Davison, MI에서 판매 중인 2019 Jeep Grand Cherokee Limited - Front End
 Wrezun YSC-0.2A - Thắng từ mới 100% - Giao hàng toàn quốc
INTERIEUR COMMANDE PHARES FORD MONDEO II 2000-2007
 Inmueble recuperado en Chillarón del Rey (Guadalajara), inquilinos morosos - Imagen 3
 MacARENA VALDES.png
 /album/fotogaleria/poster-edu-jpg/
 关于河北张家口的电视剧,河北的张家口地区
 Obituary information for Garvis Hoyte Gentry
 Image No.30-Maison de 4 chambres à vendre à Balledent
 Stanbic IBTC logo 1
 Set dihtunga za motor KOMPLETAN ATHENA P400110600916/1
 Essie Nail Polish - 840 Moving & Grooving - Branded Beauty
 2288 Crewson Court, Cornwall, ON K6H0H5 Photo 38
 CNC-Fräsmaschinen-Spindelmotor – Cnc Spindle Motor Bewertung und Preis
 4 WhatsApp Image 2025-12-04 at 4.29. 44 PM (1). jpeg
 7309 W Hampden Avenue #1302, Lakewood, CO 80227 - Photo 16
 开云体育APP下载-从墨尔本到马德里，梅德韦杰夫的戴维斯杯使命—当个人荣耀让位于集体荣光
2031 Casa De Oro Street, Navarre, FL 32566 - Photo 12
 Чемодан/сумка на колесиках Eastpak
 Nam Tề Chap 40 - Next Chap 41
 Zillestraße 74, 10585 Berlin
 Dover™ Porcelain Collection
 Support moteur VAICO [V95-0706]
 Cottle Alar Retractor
++++++++++
Across the whole listing above, state how many lines contain "Photo". Only the number is wanted.

### Exercise answer
3